Well, this is a shocking story from CNN: hospitals across the nation — even those located just miles apart — charge wildly different rates for the same medical procedure:
Encompassing more than 163,000 separate records, the data set will be a gold mine for researchers analyzing the often inscrutable field of health care pricing. Through standardized diagnostic codes, it allows comparisons for similar services provided by different hospitals.
For example, the average bill for treatment for a heart attack without major complications at a hospital in Danville, Ark., was $3,334. Across the country in Modesto, Calif., the same diagnosis incurred an average bill of $92,057.

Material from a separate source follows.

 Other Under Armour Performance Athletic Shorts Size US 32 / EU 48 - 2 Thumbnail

The New York Times has an excellent interactive where you can compare how much your hospital charges for various procedures versus the national average.

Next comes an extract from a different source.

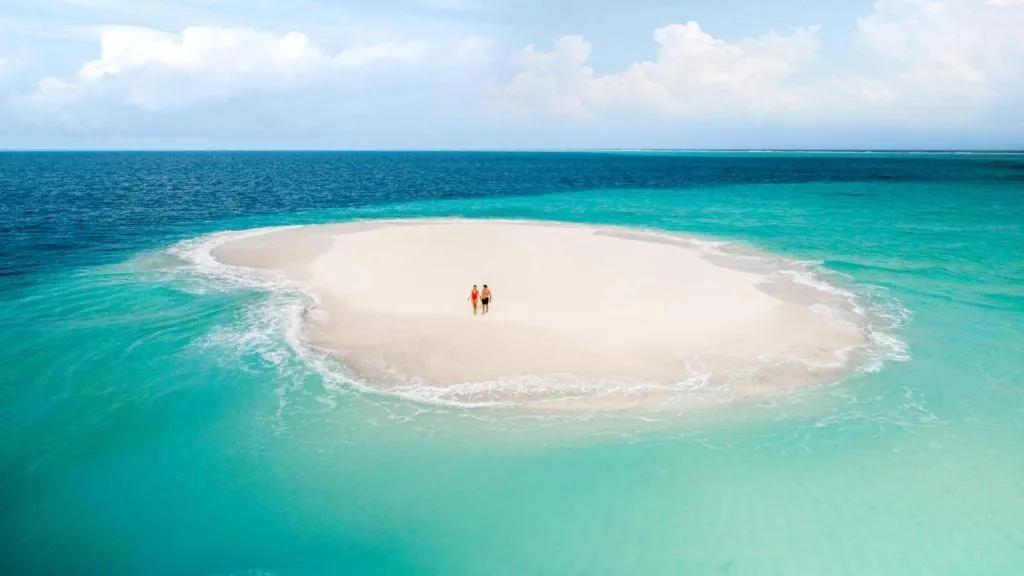 Intercontinental-Maldives-Maamunagau-Resort-11.jpg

Closer to where I live, Gwinnett Medical Center and DeKalb Medical Center have average costs for all procedures lower than the national average; on the other hand, the Atlanta Medical Center has costs higher than national average for virtually all procedures.
This is a terrifying read from Marty Makary, a surgeon at Johns Hopkins Hospital, in The Wall Street Journal. Medical errors kill enough people to fill four jumbo jets a week:
I encountered the disturbing closed-door culture of American medicine on my very first day as a student at one of Harvard Medical School’s prestigious affiliated teaching hospitals. Wearing a new white medical coat that was still creased from its packaging, I walked the halls marveling at the portraits of doctors past and present. On rounds that day, members of my resident team repeatedly referred to one well-known surgeon as “Dr. Hodad.” I hadn’t heard of a surgeon by that name. Finally, I inquired. “Hodad,” it turned out, was a nickname. A fellow student whispered: “It stands for Hands of Death and Destruction.”

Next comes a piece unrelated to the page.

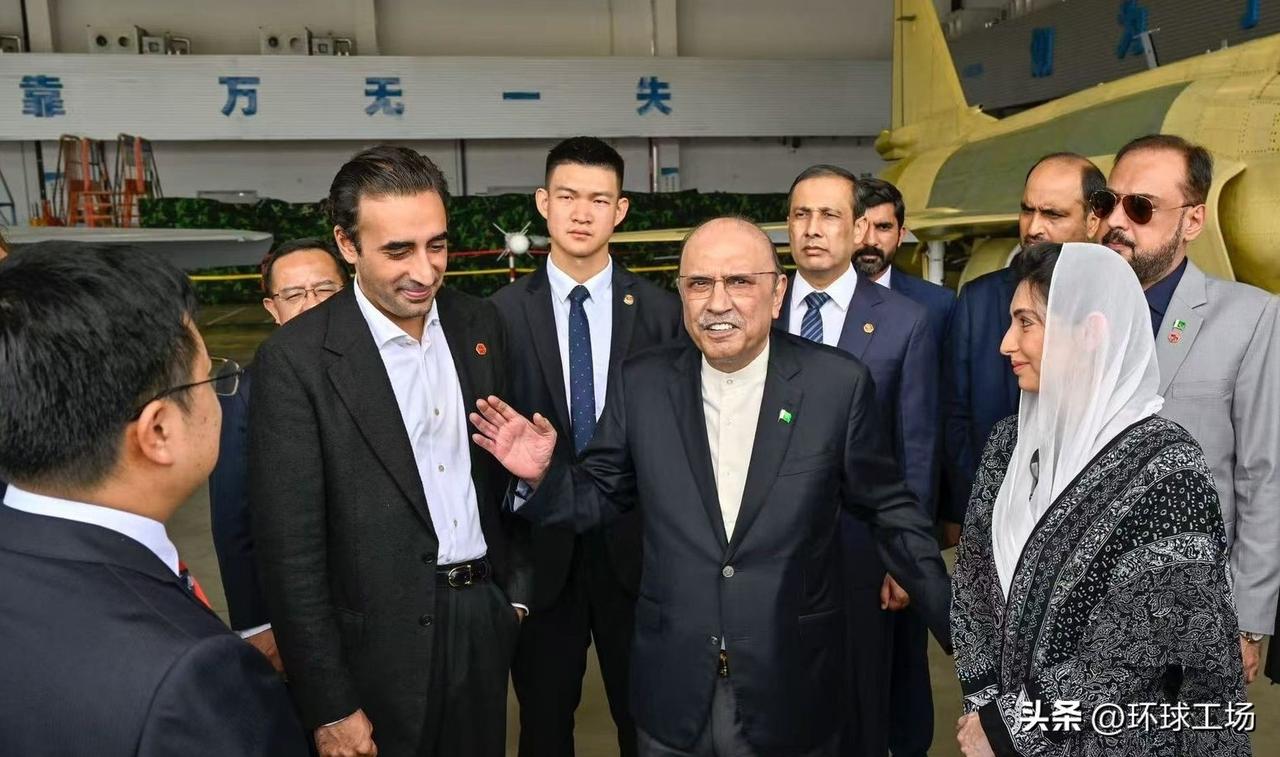 果然，巴铁就是巴铁。

第一个站出来慰问香港大火的，又是巴基斯坦。

【最新消息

He then offers five suggestions for improvements, including the use of video recording of surgeries:
Cameras are already being used in health care, but usually no video is made. Reviewing tapes of cardiac catheterizations, arthroscopic surgery and other procedures could be used for peer-based quality improvement. Video would also serve as a more substantive record for future doctors. The notes in a patient’s chart are often short, and they can’t capture a procedure the way a video can.